The move could effectively torpedo the fledgling program that lets homeowners borrow money from their local governments to finance the high upfront costs of energy-efficient upgrades, like solar panels or efficient furnaces.
City and state leaders say the decision could put at risk a program they had hoped would boost jobs and conservation efforts.
Let's pause to correct this filthy lie once again: The "green economy" is a complete and total fraud. You know when we'll have a "green economy"? When solar (forget wind) energy is "harvestable" and storable - which is the key technological impediment at the moment - in sufficient quantity to make resultant energy supplies from Sol available at a reasonable and affordable cost, at which time a market for said supplies from said source will arise all on its own, without any government program squandering billions of stolen dollars engaging in malevolent, impoverishing, economy-crushing flights of Faustian fantasy.
Are we square on that? Good.
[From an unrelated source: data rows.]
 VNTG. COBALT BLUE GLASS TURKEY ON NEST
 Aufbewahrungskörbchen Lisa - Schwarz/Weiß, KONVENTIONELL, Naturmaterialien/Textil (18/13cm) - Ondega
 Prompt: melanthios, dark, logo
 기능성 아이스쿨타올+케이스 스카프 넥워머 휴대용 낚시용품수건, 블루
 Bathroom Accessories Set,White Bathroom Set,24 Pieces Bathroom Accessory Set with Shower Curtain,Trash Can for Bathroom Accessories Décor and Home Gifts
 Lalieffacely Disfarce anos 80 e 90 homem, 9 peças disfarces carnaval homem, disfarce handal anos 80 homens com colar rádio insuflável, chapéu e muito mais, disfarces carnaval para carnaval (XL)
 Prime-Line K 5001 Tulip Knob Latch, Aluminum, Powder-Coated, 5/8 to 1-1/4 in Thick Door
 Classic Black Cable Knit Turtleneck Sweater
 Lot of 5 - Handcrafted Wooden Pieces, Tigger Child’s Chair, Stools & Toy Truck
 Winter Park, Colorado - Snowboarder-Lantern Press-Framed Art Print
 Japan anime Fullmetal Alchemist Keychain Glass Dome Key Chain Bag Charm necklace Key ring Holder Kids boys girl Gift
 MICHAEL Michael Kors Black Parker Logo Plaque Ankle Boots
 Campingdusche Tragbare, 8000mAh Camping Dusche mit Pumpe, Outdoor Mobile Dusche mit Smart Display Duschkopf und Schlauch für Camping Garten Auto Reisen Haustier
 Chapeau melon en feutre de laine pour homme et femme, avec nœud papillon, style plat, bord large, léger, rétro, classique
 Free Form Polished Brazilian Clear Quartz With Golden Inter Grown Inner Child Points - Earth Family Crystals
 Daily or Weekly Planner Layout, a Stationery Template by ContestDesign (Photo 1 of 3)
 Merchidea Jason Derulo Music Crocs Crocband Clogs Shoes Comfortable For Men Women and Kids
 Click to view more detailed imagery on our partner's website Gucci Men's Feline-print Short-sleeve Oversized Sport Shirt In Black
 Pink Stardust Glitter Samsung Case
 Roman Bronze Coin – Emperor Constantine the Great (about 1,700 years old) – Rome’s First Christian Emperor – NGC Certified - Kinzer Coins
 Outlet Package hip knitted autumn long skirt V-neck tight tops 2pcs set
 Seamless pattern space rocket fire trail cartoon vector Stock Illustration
So here we have a new avalanche of bad debt from Red Barry's "green fraud" program competing for senior creditor status with what Democrat-Financial-Logic-Bomb-seared mortgage-backed-securities are left twitching and shuddering in the debris-strewn graveyard of the nationalized financial sector. Like two hyenas tearing into each other for the last scrap of animal flesh at ground zero of a nuclear conflagration. To employ a well-worn rightospheric phrase, "What could go wrong?"
As it happens, Niall Ferguson provided an answer to the bigger picture question that underlies this one, and he does not, shall we say, "hold back":
Reminds me of the scene in The Core where Josh Keys and Conrad Zimsky are explaining to government brass what will happen to humanity now that (in the movie) Earth has lost its magnetic field. They speak of the loss of all electrical technology, of enormous magnetic storms with hundreds of lightning strikes per square mile. Within a year, the ozone layer that protects Earth's biosphere from solar ultraviolet radiation and most cosmic rays will be destroyed, which they illustrate by creating a blowtorch flame incinerating a peach representing Earth.
Tossing the smoldering carbonized fruit into a water pitcher, Keyes quips, "Feel free to throw up. I know I did."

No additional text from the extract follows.